When you think of Mexico, what comes to mind? Probably not lush jungles inhabited by woolly mammoths. But when mammoths roamed the Earth, Mexico was included. And a team of researchers in Mexico is working to preserve the remains of a woolly mammoth that was uncovered last year near Tultepec, a city in northeastern Mexico.
The mammoth was found accidentally during a construction project. When it was found, the animal was cut into multiple pieces by whatever intrepid band of hunter-gatherers killed it.
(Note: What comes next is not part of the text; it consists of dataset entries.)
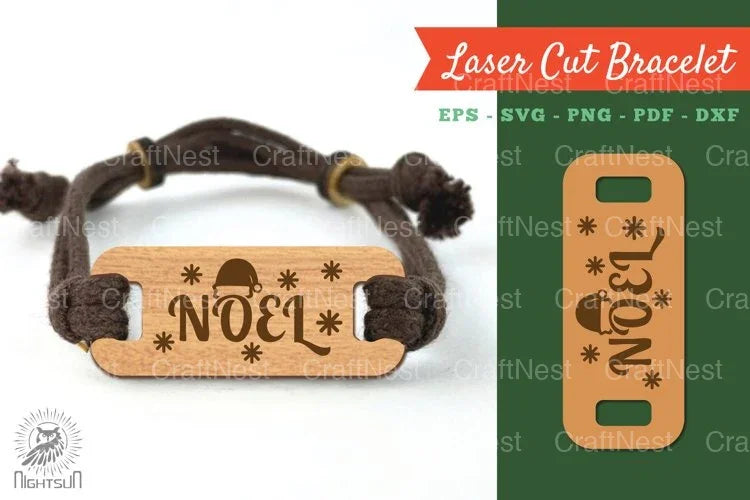 Noel Laser Cut Bracelet SVG Bundle - CraftNest - Digital Crafting and Art
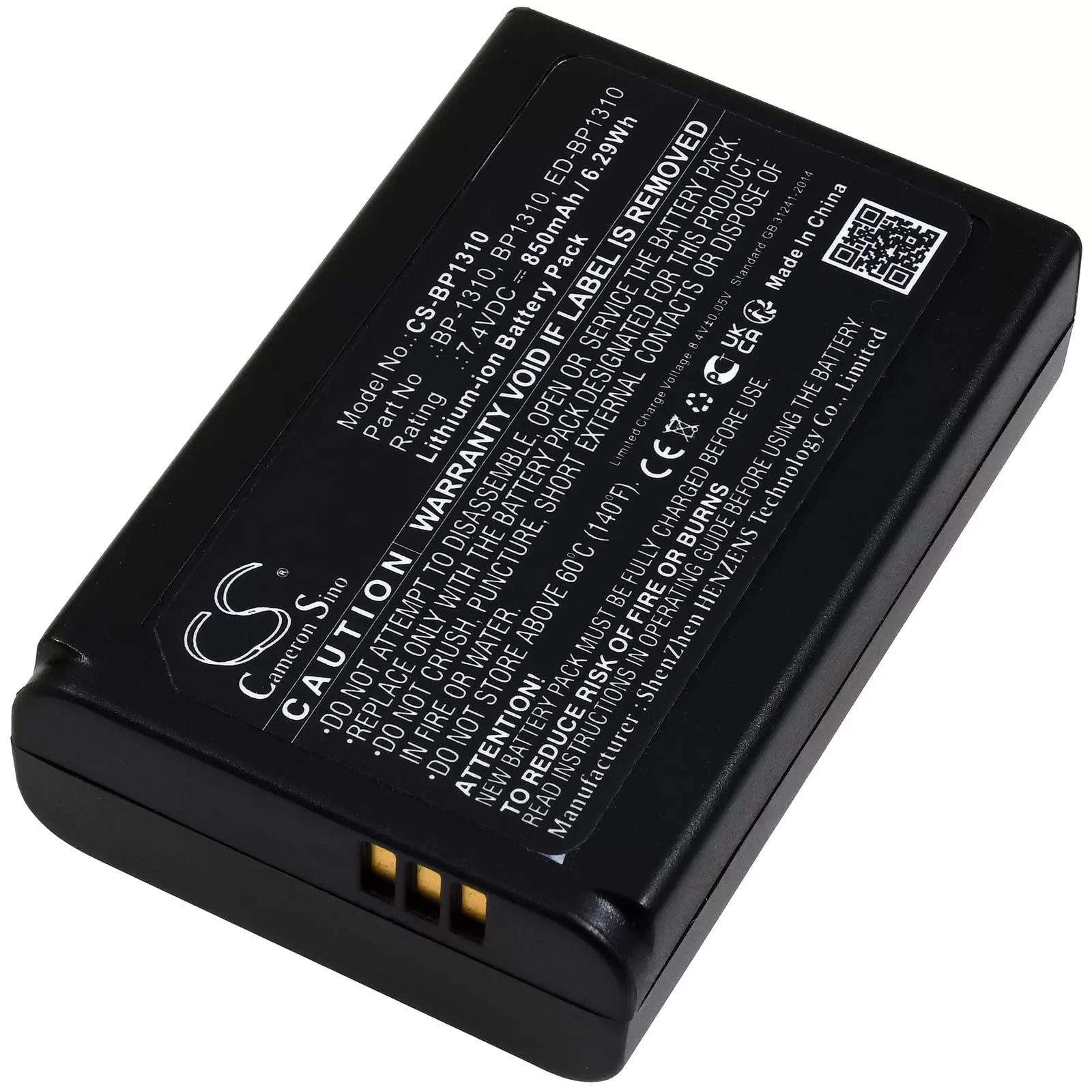 Akku für Samsung NX10/ Typ BP1310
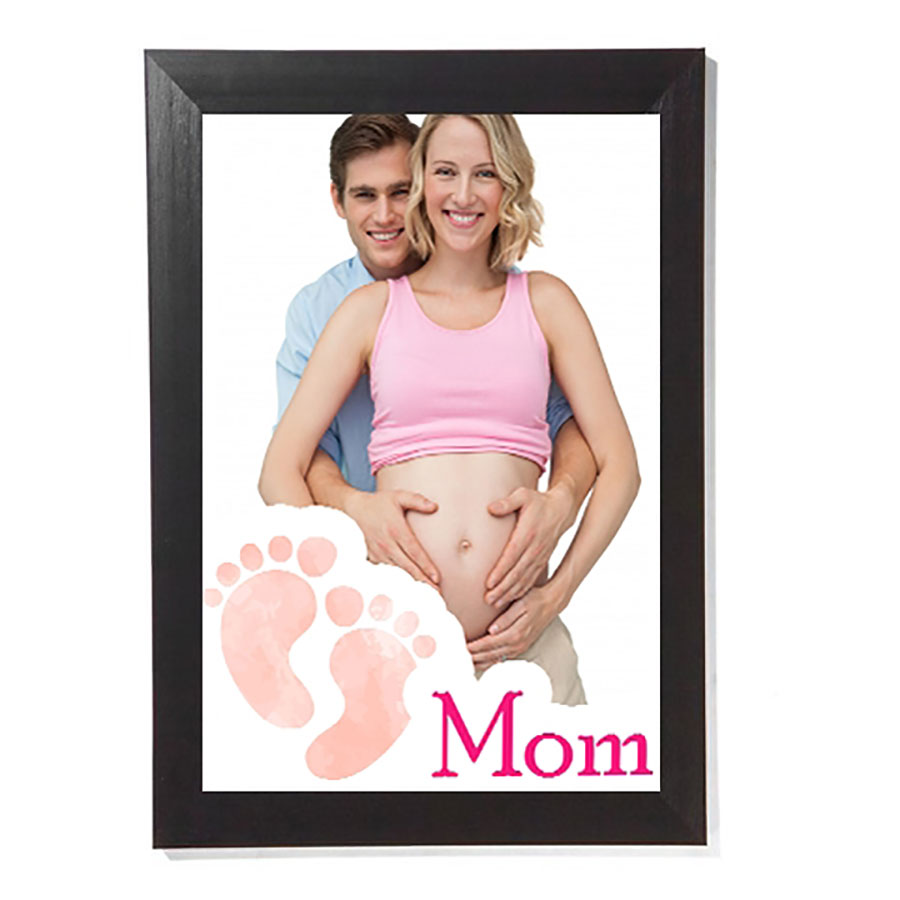 A4 personalized baby shower frame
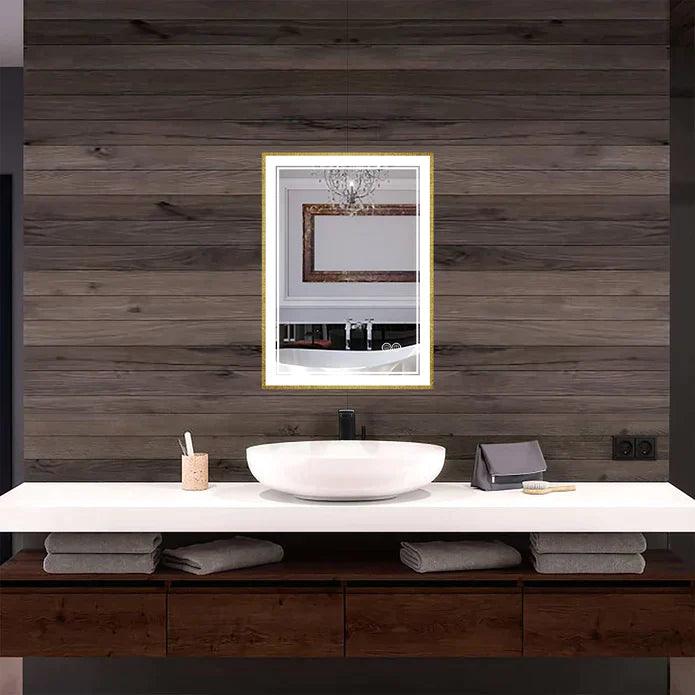 Infinity Sp Front-lit Framed Bathroom LED Vanity Mirror - Hbdepot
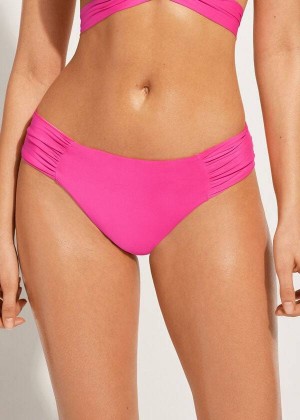 Calzedonia Indonesia Eco rosa Bikinihosen Damen Rosa | DE2709QZ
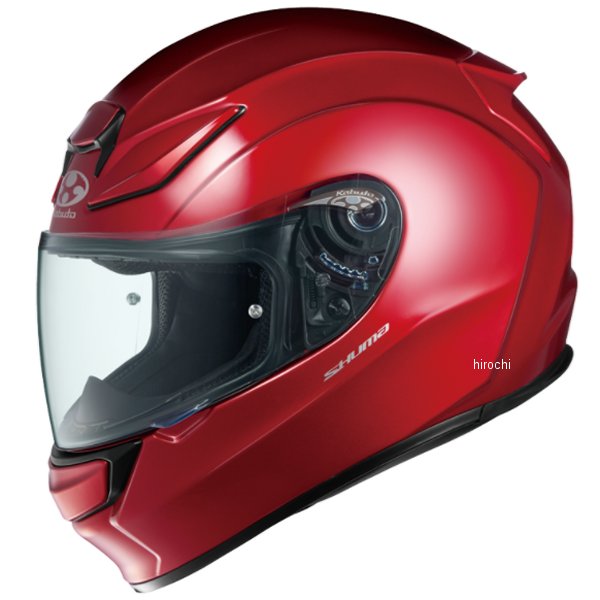 4966094601706 オージーケーカブト OGK KABUTO フルフェイスヘルメット SHUMA シャイニーレッド Lサイズ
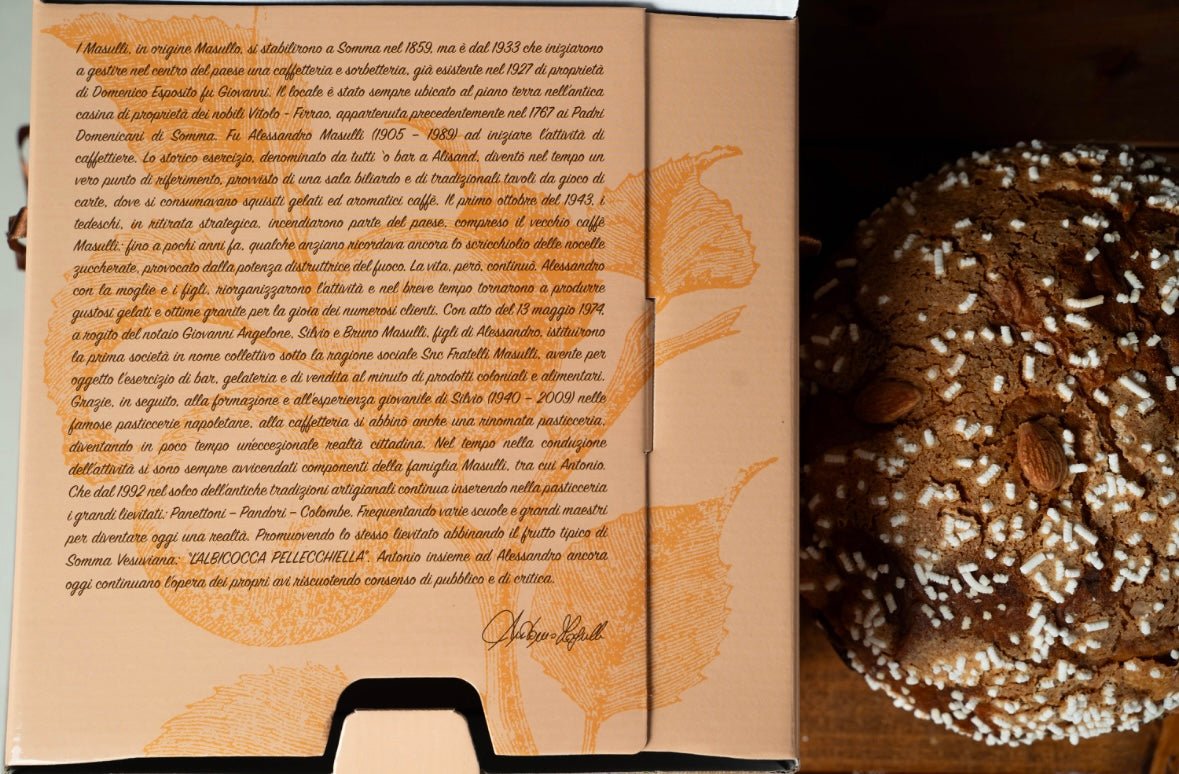 PANETTONE ALBICOCCA PELLECCHIÉ - Caffè Masulli 1927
The mammoth fossils are thought to be about 40,000 years old and are currently being worked on in view of the public, in a Tultepec municipal building.
"We see the bones are mixed up; they are not in anatomical order, so analysing them, you can reach the conclusion that it was partially cut up by hunters and gatherers at the time," says Luis Cordoba, the archaeologist in charge of the restoration. "The discovery in Tultepec is important because it indirectly supports the presence of humans 40,000 years ago."
The mammoth appears to have been roughly 25 years old when it was killed. It stood eleven and a half feet tall and was sixteen and a half feet long. Its weight was probably roughly five tons.
The research team hopes that the fossils will be in good enough shape to be recombined into something close to a whole mammoth, and put on display.
The remains are in remarkably good condition. A lot of variables have to be in place for a high-quality fossil to form after an animal dies. Thankfully, the star mammoth was found in the sediment at the bottom of a lake. The fossils are extremely well-preserved.
But there's still work to be done. According to Felipe Munos, another archaeologist working on the remains, "We are talking about 40,000 years ago so it is a very considerable period of time. The affect (on the bones) over such a period is that the bones are very sensitive."
Modern-day Tultepec, close to Mexico City, is a very arid region. But when the mammoth was still alive, it was probably a much different picture. The area was likely quite lush, with enough vegetation and water to support megafauna like the mammoth. Indeed, the area was once also densely populated with dinosaurs.
The mammoth find is exciting both because it offers insights into mammalian biology during the period, and because of its anthropological implications. For a long time, it was received wisdom that Central and South America were sparsely populated before the arrival of European conquerors. But new evidence is piling up that the region was actually home to large, metropolitan civilizations who had a level of technological and cultural sophistication very much in defiance of how native populations were once perceived.
Bands of humans living contemporaneously with woolly mammoths in Mexico may represent another piece of evidence suggesting that humans already had a very strong foothold in the continent before the arrival of Spaniards.